WORK TASK:
Output the data unchanged and complete, minus the images.

DATASET EXCERPT:
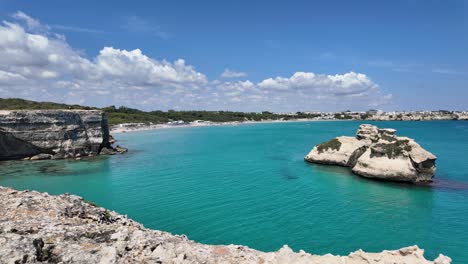 Timelapse-at-Spiaggia-delle-Due-Sorelle-in-the-Lecce-region,-surrounded-by-turquoise-waters-and-sandy-beaches,-with-fast-moving-clouds,-Italy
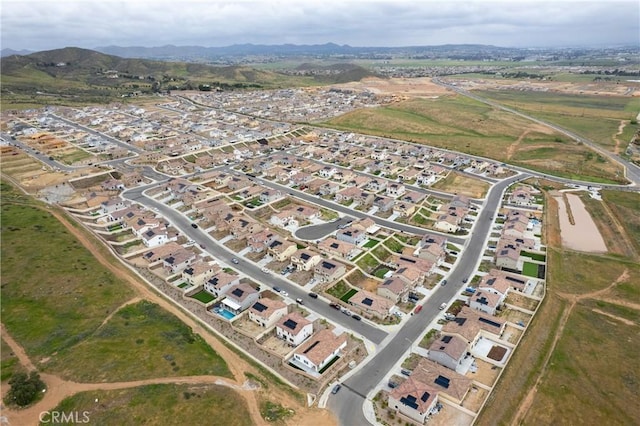 aerial view with a mountain view and a residential view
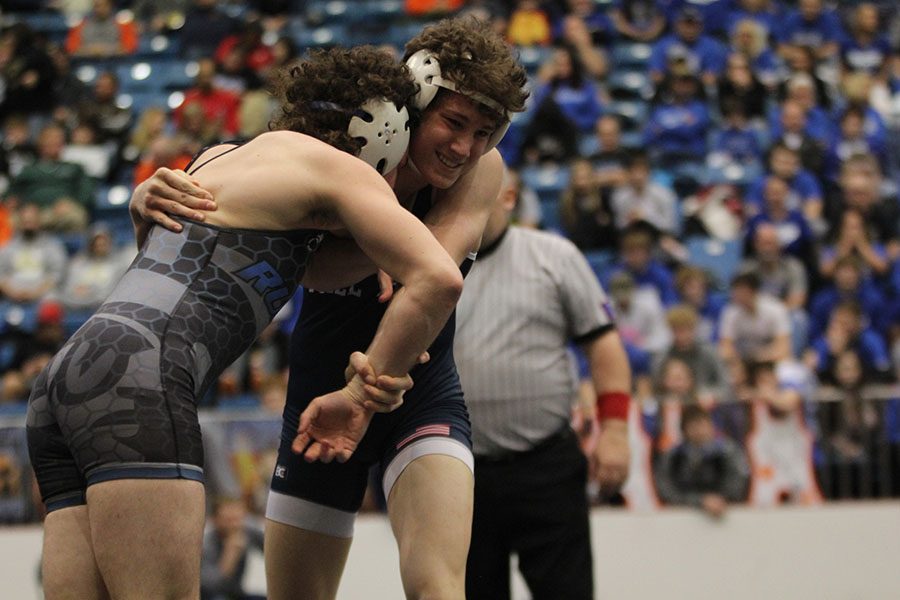 As his opponent pushes into him, sophomore Brodie Scott looks to his coaches for direction.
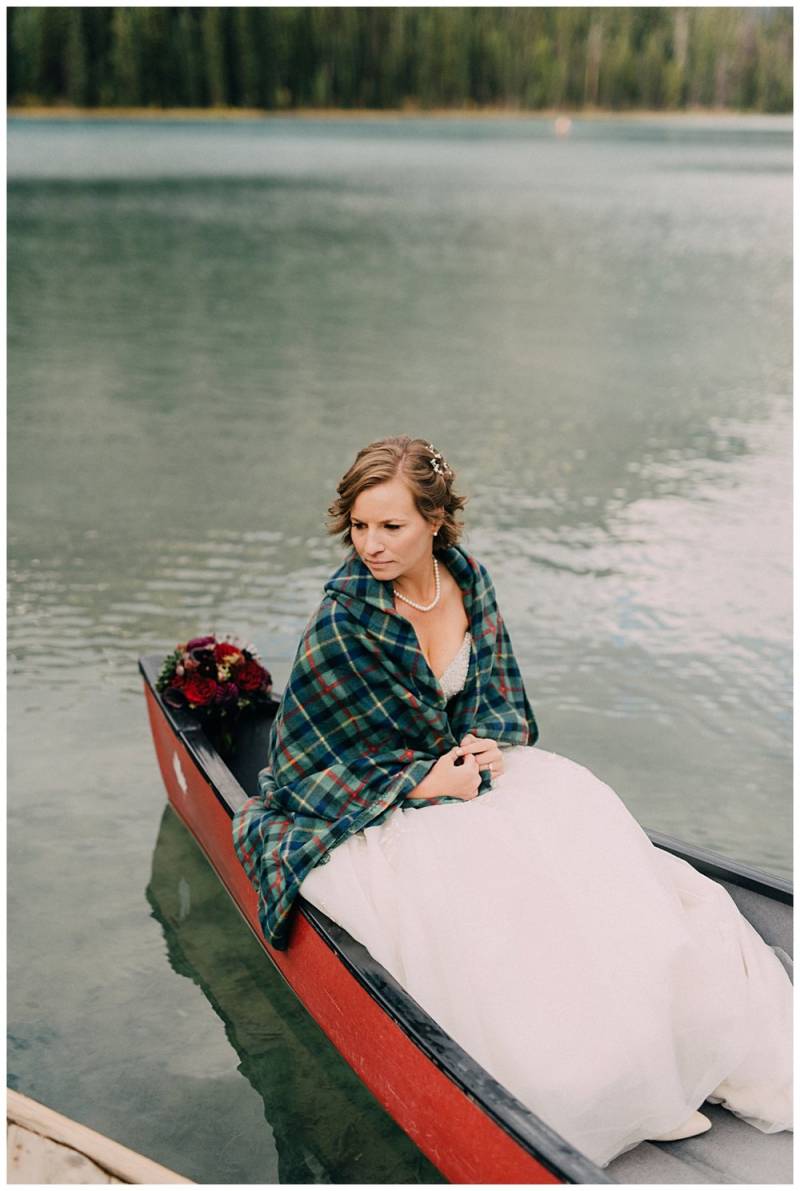 Bride wearing green plaid shawl and white dress sitting in red canoe on lake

RESPONSE BOX:
 Timelapse-at-Spiaggia-delle-Due-Sorelle-in-the-Lecce-region,-surrounded-by-turquoise-waters-and-sandy-beaches,-with-fast-moving-clouds,-Italy
 aerial view with a mountain view and a residential view
 As his opponent pushes into him, sophomore Brodie Scott looks to his coaches for direction.
 Bride wearing green plaid shawl and white dress sitting in red canoe on lake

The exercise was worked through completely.